I think of some parts of the church in America, the ones that teach over and over again that God wants to bless us with the desires of our heart.
In many ways they assume just what Peter did: God is all powerful. God loves us. If we trust God, we will get everything we want. We can have that career we want. The car we desire. The spouse we feel we deserve. Being faithful to God means circumstances will always go well!
Jesus is proof that faithfulness to God does not always equal good circumstances in this life.
When Peter said “No!” to the suffering, Jesus saw and named it for what it was: a temptation to not walk the road that God had placed in front of him. A temptation to use his power to save his own life, to be accepted rather than rejected and killed.
Let me ask: How else are we saying “No” to God’s way, Jesus way?

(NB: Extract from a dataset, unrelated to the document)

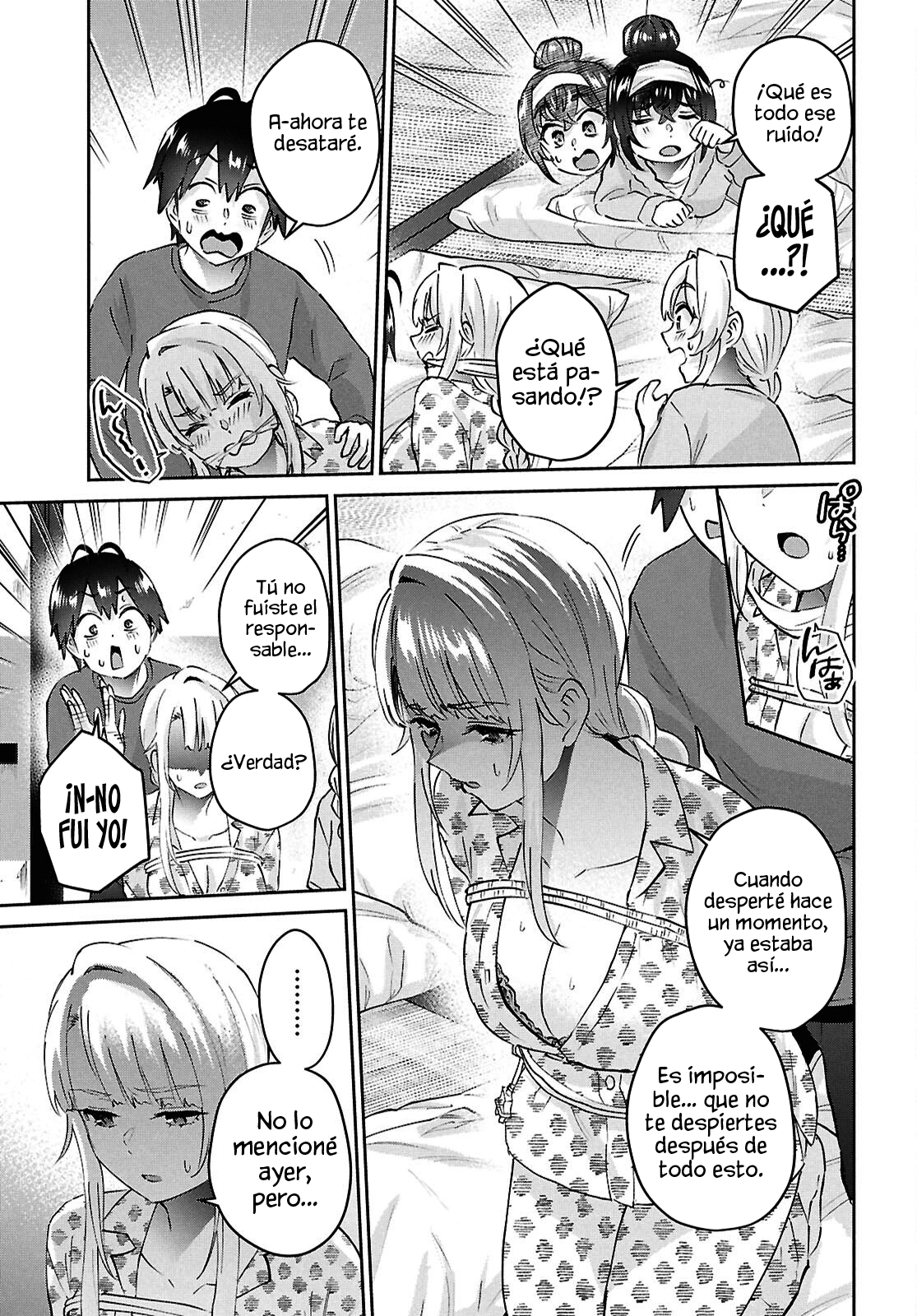 Read Hajimete no Gal ES Manga Online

Do you have examples in your own life of where your assumption that following God brought good circumstances…did that ever lead you to say “No” just like Peter did? Maybe it didn’t feel like a “no”, maybe it felt more like a “what is going on here?” But do you have other examples of when something inside you screamed “Wait, God is good! Life should be going better than this!” [ASK]
Maybe you don’t agree with me, but I see in Peter’s rebuke toward Jesus, Peter’s “no” to Jesus…I see in Peter the same struggle that we’ve just identified within us.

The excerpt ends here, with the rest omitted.